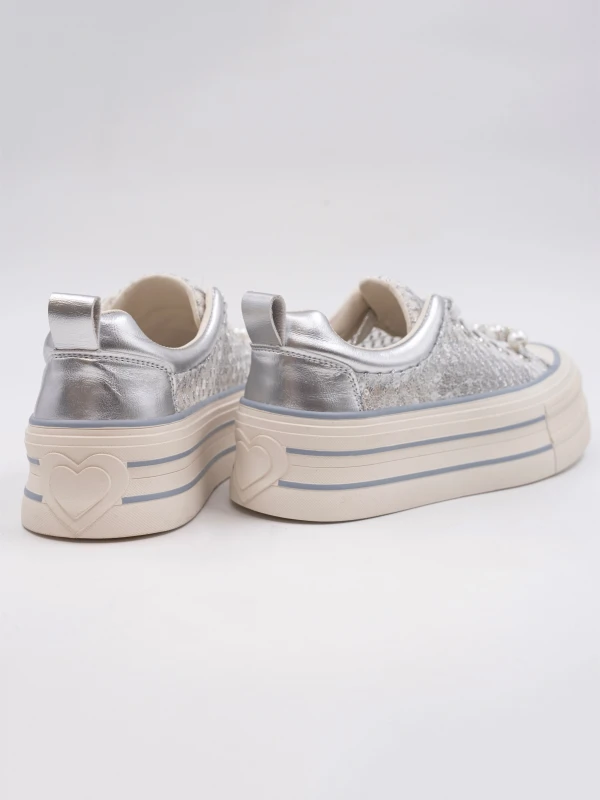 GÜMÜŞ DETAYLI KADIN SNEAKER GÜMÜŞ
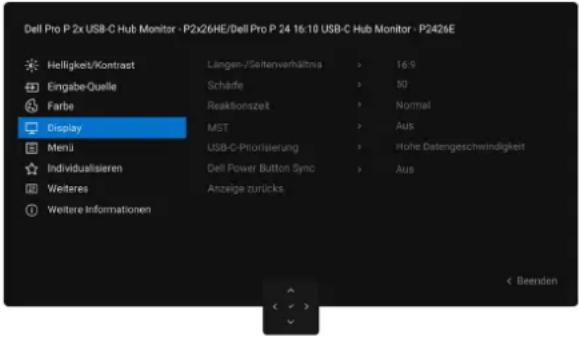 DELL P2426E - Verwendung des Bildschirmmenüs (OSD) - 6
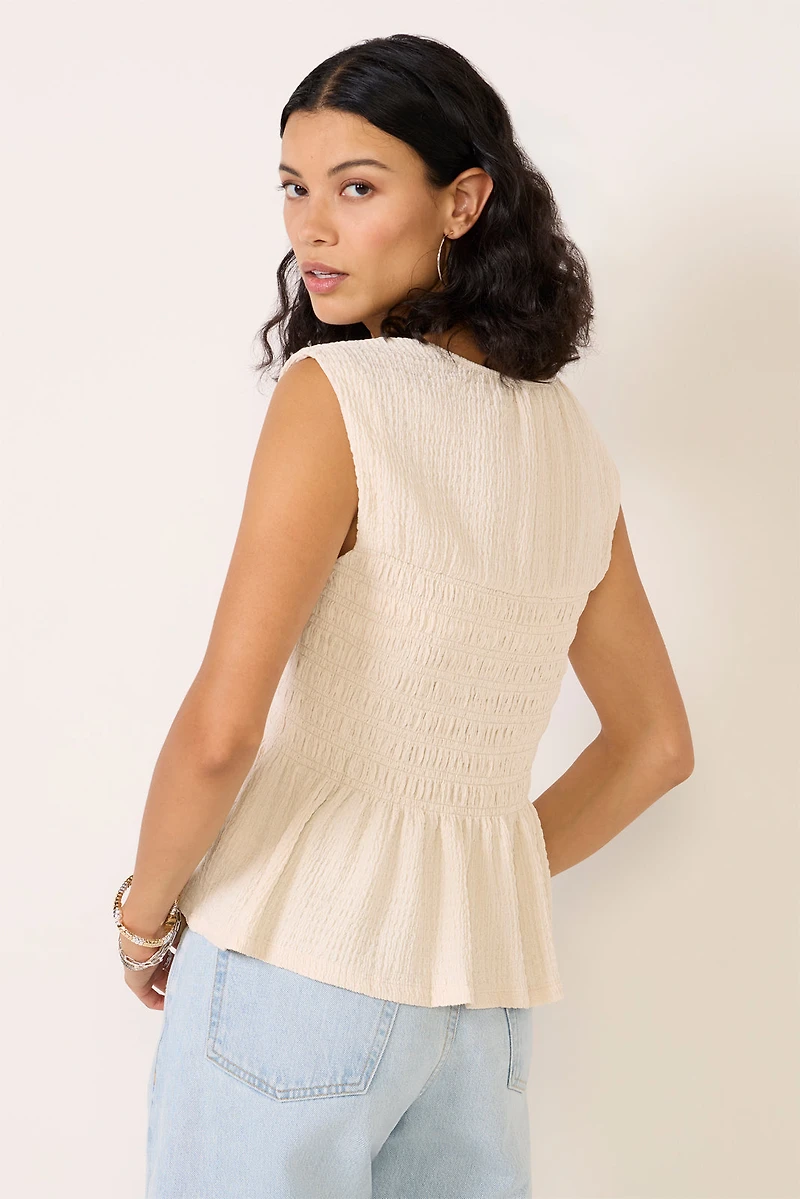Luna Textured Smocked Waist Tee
━━━
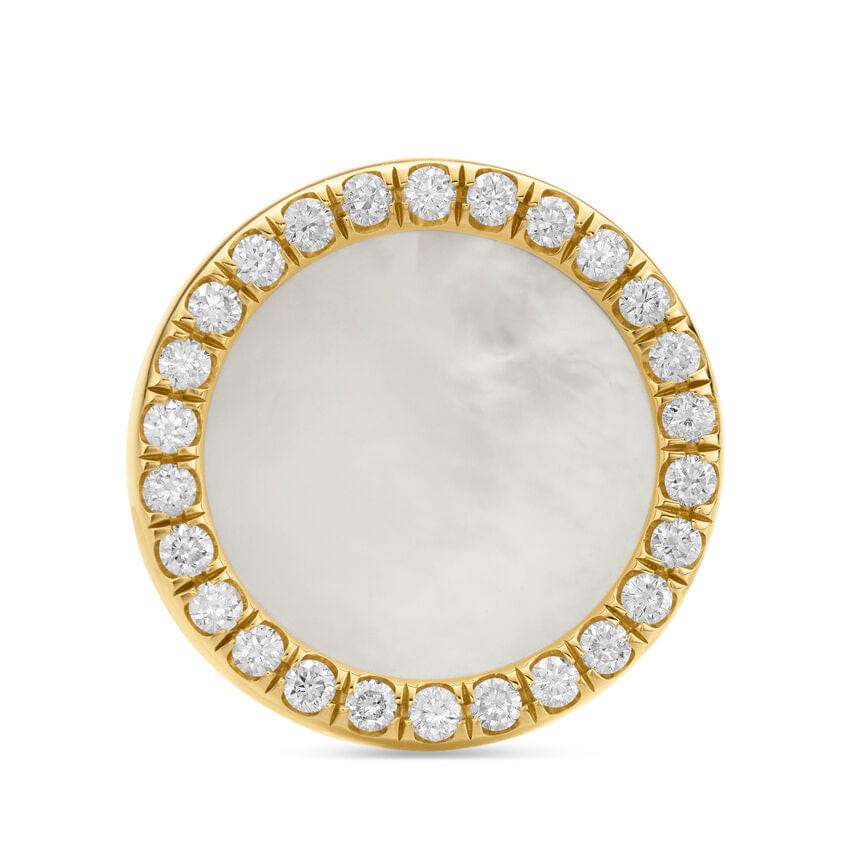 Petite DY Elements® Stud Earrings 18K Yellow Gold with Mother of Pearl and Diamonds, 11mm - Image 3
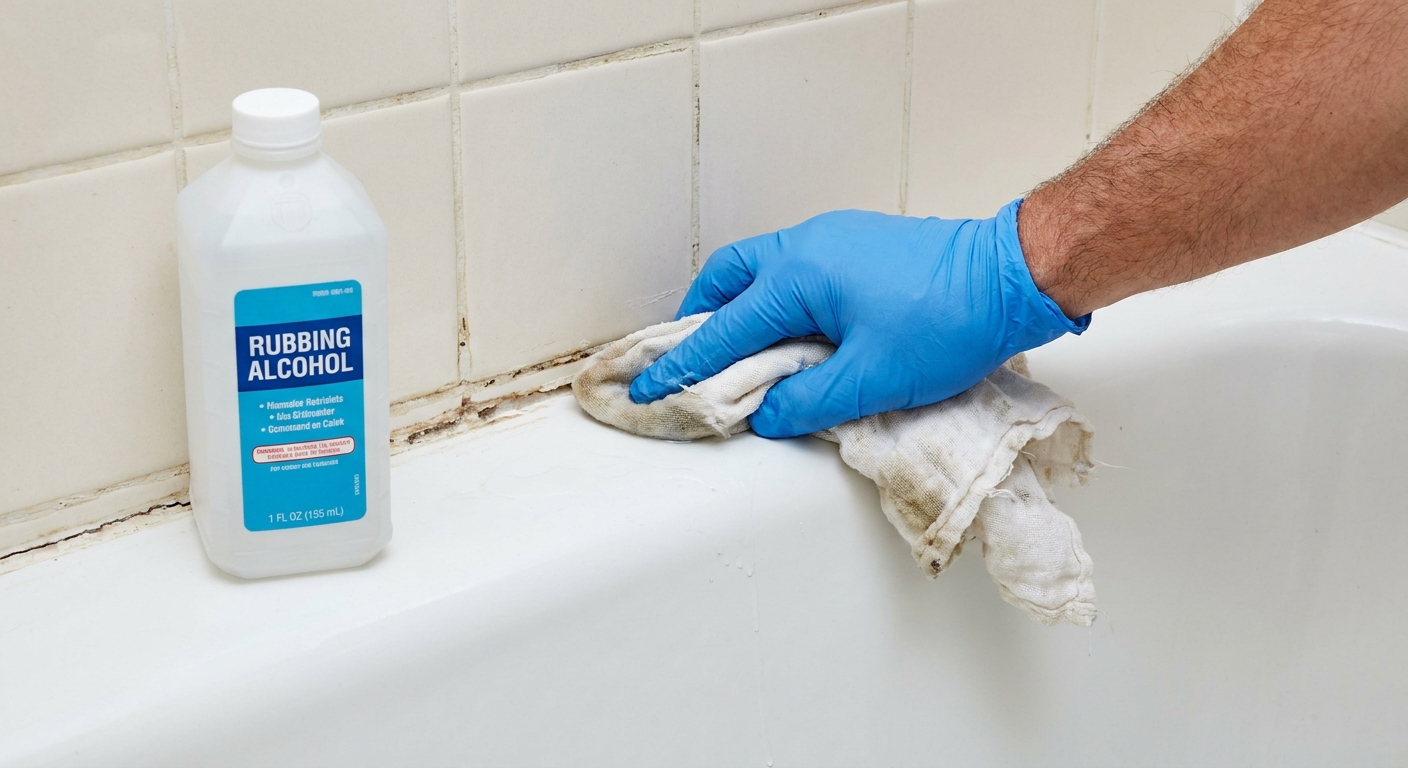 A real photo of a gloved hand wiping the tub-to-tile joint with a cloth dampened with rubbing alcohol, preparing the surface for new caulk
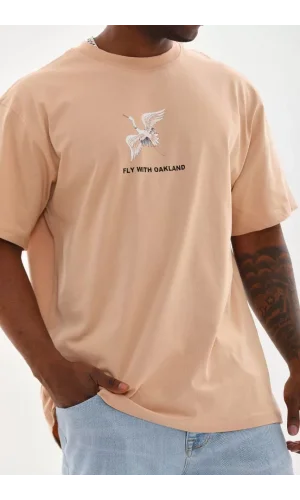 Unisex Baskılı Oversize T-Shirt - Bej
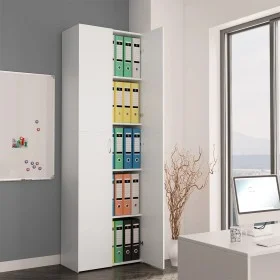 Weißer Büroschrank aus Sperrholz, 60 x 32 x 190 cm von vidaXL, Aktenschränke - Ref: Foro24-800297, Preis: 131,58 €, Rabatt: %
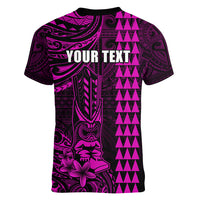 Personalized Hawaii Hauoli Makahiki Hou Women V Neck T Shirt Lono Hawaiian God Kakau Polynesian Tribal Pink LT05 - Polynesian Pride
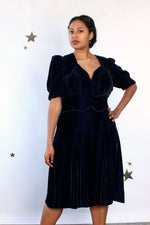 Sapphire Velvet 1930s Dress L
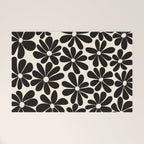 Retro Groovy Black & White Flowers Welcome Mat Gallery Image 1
━━━
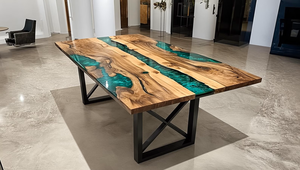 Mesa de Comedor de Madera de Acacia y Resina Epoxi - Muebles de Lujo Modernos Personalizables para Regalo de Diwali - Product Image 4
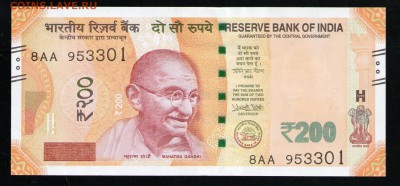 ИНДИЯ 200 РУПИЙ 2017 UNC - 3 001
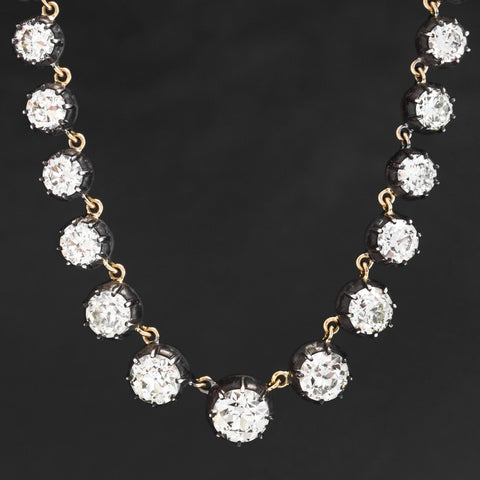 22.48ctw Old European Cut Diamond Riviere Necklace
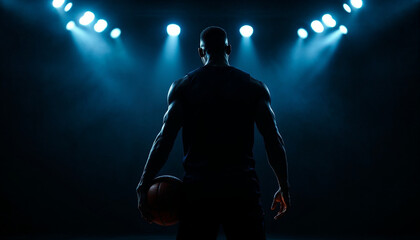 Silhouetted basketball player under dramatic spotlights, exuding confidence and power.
━━━
## Aim of the task
Repeat the lines above exactly, beginning with the one containing "Personalized Hawaii Hauoli" and finishing with the one containing "Retro Groovy Black". No pictures belong in the copy.

## Answer section
 Personalized Hawaii Hauoli Makahiki Hou Women V Neck T Shirt Lono Hawaiian God Kakau Polynesian Tribal Pink LT05 - Polynesian Pride
 Sapphire Velvet 1930s Dress L
 Retro Groovy Black & White Flowers Welcome Mat Gallery Image 1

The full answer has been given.